The data START

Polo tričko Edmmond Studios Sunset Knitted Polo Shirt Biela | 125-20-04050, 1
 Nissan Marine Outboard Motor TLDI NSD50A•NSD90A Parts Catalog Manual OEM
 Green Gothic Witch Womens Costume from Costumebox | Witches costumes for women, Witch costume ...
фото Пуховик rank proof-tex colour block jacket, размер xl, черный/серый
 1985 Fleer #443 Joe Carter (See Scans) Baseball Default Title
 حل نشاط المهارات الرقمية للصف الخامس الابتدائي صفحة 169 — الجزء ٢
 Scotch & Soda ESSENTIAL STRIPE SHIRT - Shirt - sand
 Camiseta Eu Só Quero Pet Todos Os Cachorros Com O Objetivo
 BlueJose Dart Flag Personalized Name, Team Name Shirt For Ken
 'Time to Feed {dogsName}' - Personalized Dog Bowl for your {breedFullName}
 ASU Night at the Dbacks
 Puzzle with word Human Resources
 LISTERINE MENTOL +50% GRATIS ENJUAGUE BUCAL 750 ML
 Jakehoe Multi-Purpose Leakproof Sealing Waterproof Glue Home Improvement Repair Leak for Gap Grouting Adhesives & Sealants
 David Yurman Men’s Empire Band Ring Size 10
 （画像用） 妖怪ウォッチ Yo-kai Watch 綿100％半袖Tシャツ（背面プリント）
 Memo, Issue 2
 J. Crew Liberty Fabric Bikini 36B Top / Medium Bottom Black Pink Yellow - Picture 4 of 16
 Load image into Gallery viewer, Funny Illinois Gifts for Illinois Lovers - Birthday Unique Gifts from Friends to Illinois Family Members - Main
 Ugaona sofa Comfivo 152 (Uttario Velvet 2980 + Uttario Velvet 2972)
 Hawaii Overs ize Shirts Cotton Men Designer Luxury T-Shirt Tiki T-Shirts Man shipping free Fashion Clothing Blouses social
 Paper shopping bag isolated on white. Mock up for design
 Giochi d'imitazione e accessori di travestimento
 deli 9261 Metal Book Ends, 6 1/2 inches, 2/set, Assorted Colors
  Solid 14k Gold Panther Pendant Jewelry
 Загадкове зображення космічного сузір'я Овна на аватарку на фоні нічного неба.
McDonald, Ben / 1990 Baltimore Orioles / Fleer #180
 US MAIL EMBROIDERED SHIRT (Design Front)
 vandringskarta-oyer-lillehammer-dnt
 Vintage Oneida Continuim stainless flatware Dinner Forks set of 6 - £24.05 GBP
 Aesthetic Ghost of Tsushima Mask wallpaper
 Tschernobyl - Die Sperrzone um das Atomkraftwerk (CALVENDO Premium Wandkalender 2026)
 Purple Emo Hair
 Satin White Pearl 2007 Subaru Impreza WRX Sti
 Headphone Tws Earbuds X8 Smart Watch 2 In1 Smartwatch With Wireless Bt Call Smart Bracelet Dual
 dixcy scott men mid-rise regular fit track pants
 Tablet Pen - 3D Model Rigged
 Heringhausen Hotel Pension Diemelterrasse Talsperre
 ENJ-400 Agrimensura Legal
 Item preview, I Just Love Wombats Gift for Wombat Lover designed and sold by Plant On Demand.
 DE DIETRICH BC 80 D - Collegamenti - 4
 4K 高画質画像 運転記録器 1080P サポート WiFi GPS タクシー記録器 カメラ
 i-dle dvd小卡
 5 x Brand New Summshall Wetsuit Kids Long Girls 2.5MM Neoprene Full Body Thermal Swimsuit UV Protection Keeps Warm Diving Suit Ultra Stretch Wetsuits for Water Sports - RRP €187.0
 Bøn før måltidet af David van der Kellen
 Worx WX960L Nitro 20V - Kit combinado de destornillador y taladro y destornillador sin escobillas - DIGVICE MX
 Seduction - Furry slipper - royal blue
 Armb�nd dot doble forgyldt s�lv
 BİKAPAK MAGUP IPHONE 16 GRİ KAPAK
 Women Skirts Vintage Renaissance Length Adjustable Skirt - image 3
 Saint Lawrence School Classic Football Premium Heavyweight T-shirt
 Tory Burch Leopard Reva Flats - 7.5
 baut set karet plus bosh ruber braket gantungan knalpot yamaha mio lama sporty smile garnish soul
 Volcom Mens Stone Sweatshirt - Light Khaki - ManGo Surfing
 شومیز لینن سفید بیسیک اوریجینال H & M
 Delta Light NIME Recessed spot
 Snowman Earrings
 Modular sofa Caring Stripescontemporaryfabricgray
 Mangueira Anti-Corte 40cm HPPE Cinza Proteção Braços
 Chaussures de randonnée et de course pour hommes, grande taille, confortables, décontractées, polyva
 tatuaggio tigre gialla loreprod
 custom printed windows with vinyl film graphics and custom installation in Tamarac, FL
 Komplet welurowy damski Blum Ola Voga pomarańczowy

The data END

Copy the stretch of the records above that runs from the line with "Scotch & Soda" through the line with "LISTERINE MENTOL +50%". Both end lines belong in the copy, and nothing else does.

## Answer
 Scotch & Soda ESSENTIAL STRIPE SHIRT - Shirt - sand
 Camiseta Eu Só Quero Pet Todos Os Cachorros Com O Objetivo
 BlueJose Dart Flag Personalized Name, Team Name Shirt For Ken
 'Time to Feed {dogsName}' - Personalized Dog Bowl for your {breedFullName}
 ASU Night at the Dbacks
 Puzzle with word Human Resources
 LISTERINE MENTOL +50% GRATIS ENJUAGUE BUCAL 750 ML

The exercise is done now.